Your stratum weight is the proportion of the population in a given
stratum. Since you compute the overall mean as

y-bar, overall
= sum {over all population elements i} y_i/{total population size N}
= sum {over h enumerating strata} sum {over units i in stratum h} y_hi / N
= sum {over h enumerating strata} (stratum h size, N_h) times (mean in
stratum h, y-bar_h) / N
= sum {over h enumerating strata} (weight of stratum h) times y-bar_h

your stratum weight is N_h/N. Remember, you are NOT sampling at the
strata level.

Now, when you DO sample (at the PSU and SSU levels), your weights are
indeed inverse probabilities of selection.

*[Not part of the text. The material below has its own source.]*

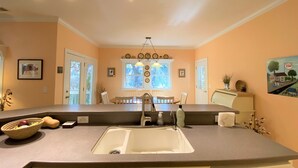 A kitchen with a central island, a sink, and a dining area with chairs. - Dragonfly-Private Setting w/ Easy Beach Access; Covered & Screened Porch;TV/WiFi (Edisto Beach)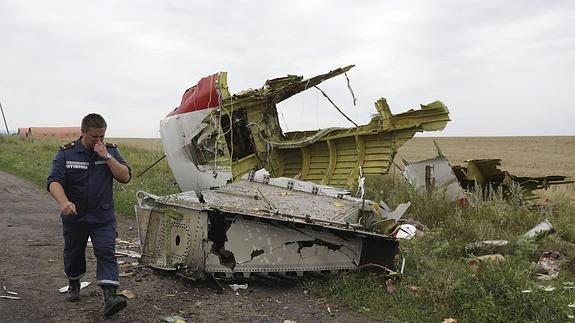 Un miembro de los servicios de rescate, junto a restos del vuelo MH 17.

Hence the probability
component of your weight for the household j in village i in stratum h
is

(1/probability of selection of the PSU) times (1/probability of
selection of SSU)
= (total estimates size of all PSUs in stratum h/estimated size of the
sampled PSU hi) times (actual number of households in PSU h/# of
households eventually sampled from PSU h)

The discrepancy from the uniform weights, as noted by Steve, comes
from discrepancies between the estimated and the actual size of the
PSUs. If you had reasonably good preliminary data to base your design
on, this won't have any tragic consequences to the variability of
weights. To incorporate the non-response adjustments at this stage (cf
Steve's suggestions on post-stratification), you can replace the
second term by (actual number of households in PSU h/# of households
eventually observed from PSU h).

Your ultimate weight will be the product of: (i) stratum weight =
proportion of strata in the overall population; (ii) probability
weight, as above; (iii) non-response and poststratification adjustment
correction, as suggested by Steve. If you have post-stratification
information, you can also directly incorporate it with

svyset , poststrata( ) postweight( )

options. That's always a better option than just incorporating the
post-stratification weight into the sampling weight.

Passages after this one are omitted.